Generally a Hashtable in java is created using the empty constructor Hashtable(). Which is a poor decision and an often repeated mistake. Hashtable has two other constructors
Hashtable( int initialCapacity)
|
and
Hashtable( int initialCapacity, float loadFactor)
|
. Initial capacity is number of buckets created at the time of Hashtable instantiation. Bucket is a logical space of storage for Hashtable.
Hashing and Hashtable
Before seeing java’s Hashtable in detail you should understand
hashing in general. Assume that, v is a value to be stored and k is the
key used for storage / retrieval, then h is a hash function where v is
stored at h(k) of table. To retrieve a value compute h(k) so that you
can directly get the position of v. So in a key-value pair table, you
need not sequentially scan through the keys to identify a value.
h(k) is the hashing function and it is used to find the location to
store the corresponding value v. h(k) cannot compute to a indefinite
space. Storage allocated for a Hashtable is limited within a program.

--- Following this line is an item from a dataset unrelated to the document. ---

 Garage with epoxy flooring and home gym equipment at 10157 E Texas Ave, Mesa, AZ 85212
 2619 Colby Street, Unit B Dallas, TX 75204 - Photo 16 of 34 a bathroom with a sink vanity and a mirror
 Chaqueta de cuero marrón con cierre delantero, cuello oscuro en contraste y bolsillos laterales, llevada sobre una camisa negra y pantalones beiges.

So, the hasing function h(k) should return a number within that
allocated spectrum (logical address space).
Hashing in Java
Java’s hashing uses uses hashCode() method from the key and value
objects to compute. Following is the core code from Hashtable where the
hashCode ‘h’ is computed. You can see that both key’s and value’s
hashCode() method is called.
h += e.key.hashCode() ^ e.value.hashCode();
|
It is better to have your hashCode() method in your custom objects. String has its own hashCode methode and it computes the hashcode value as below:
s[ 0 ]* 31 ^(n- 1 ) + s[ 1 ]* 31 ^(n- 2 ) + ... + s[n- 1 ]
|
If you don’t have a hashCode() method, then it is derived from Object class. Following is javadoc comment of hashCode() method from Object class:
* Returns a hash code value for the object. This method is
* supported for the benefit of hashtables such as those provided by
* <code>java.util.Hashtable</code>.
|
If you are going to write a custom hashCode(), then follow the following contract:
* The general contract of <code>hashCode</code> is:
* <ul>
* <li>Whenever it is invoked on the same object more than once during
* an execution of a Java application, the <tt>hashCode</tt> method
* must consistently return the same integer, provided no information
* used in <tt>equals</tt> comparisons on the object is modified.
|
The following is to improve performance of the Hashtable.

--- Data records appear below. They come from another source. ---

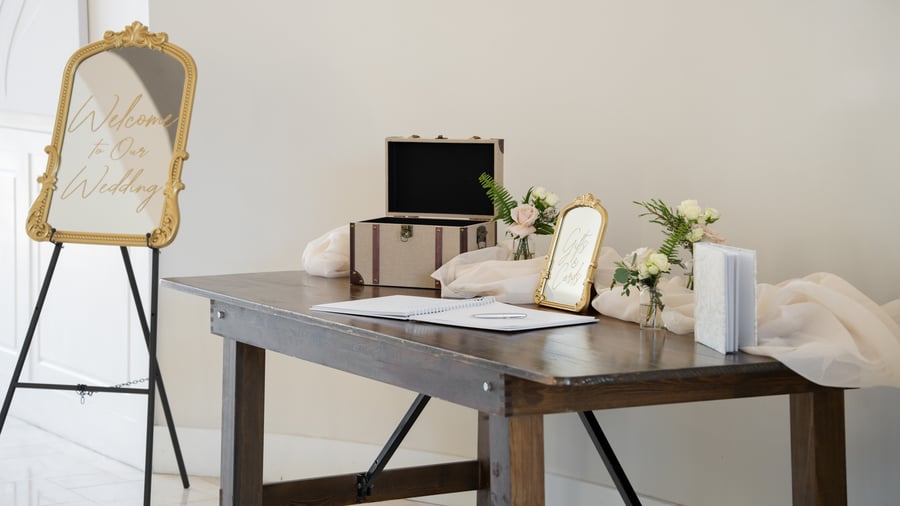 Wedding welcome table at Colby Falls in Arizona with guestbook, floral décor, gold mirror welcome sign, and gift card box.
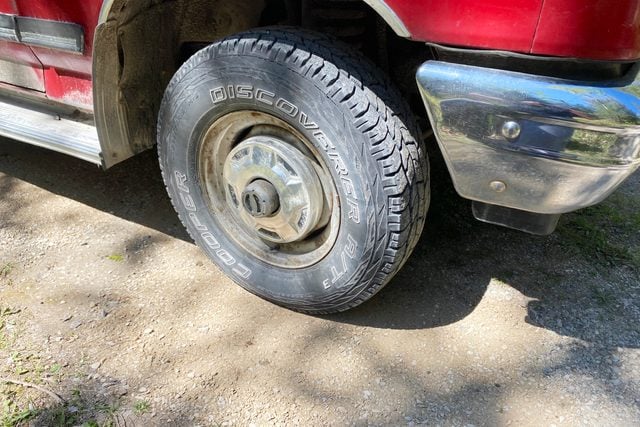 using a vehicle to drive over the newly filled pot hole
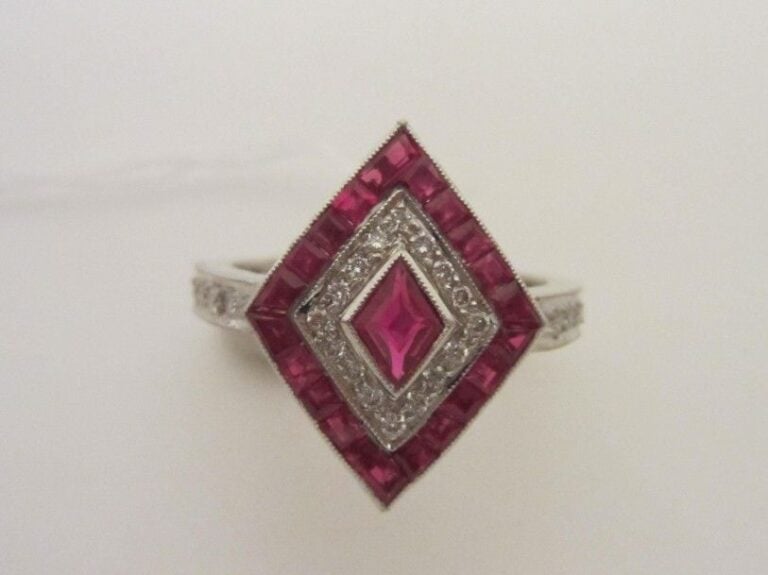 BAGUE losangique en or gris (750 millièmes) serti de diamants taille brillant et rubis calibré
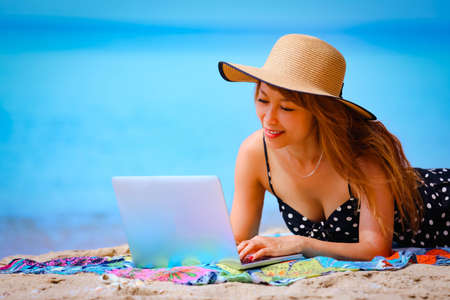 Attractive asian woman working on laptop on the tropical beach, holidays and vacation conceptの写真素材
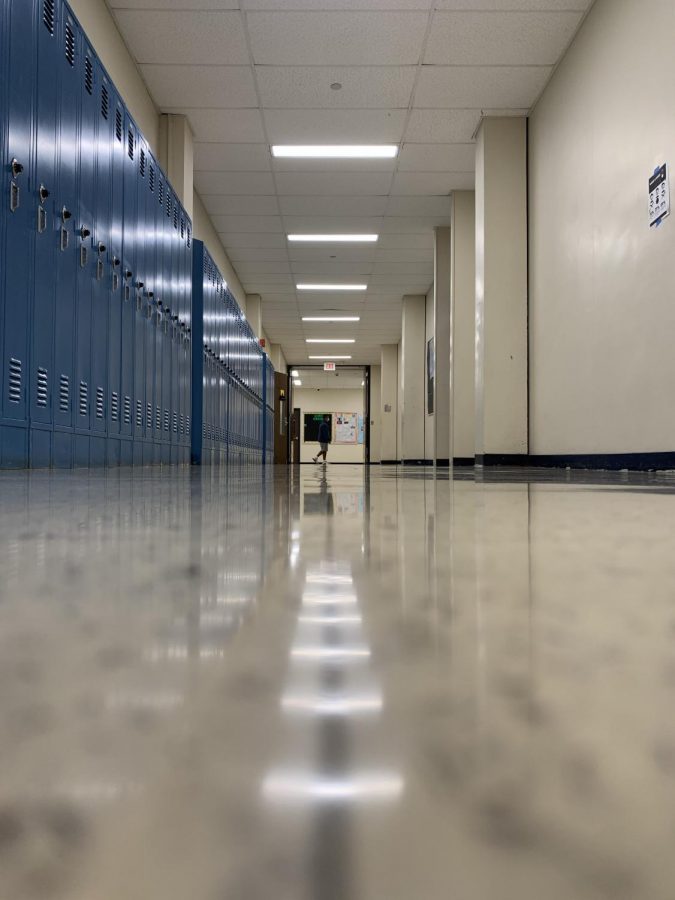 The reflection of lights in the halls leading to a student, the only one who can make a change.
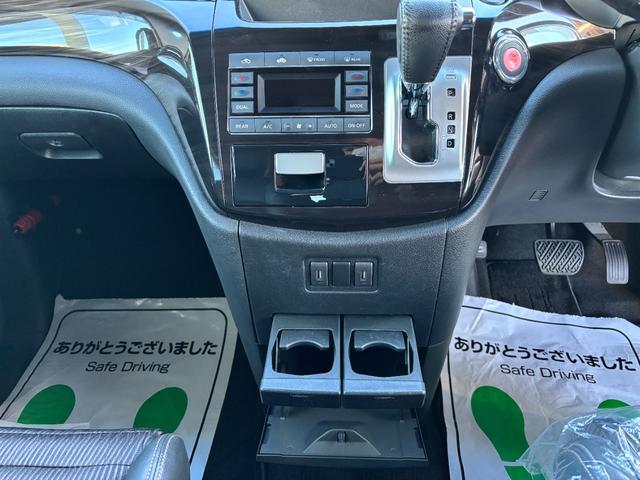 エルグランド ２５０ハイウェイスター　後期型　純正ナビ　フルセグ　走行中ＴＶ視聴可　バックカメラ　純正フリップダウンモニター　両側電動スライドドア　ハーフレザーシート　フロントスポイラーデイライト　オットマン　ドライブレコーダー前後（22枚目）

* <li>If two objects are equal according to the <tt>equals(Object)</tt>
* method, then calling the <code>hashCode</code> method on each of
* the two objects must produce the same integer result.
|
hashCode() guarantees distinct integers by using the internal address of the object.
Collision in Hashtable
When we try to restrict the hashing function’s output within the
allocated address spectrue limit, there is a possibility of a collision.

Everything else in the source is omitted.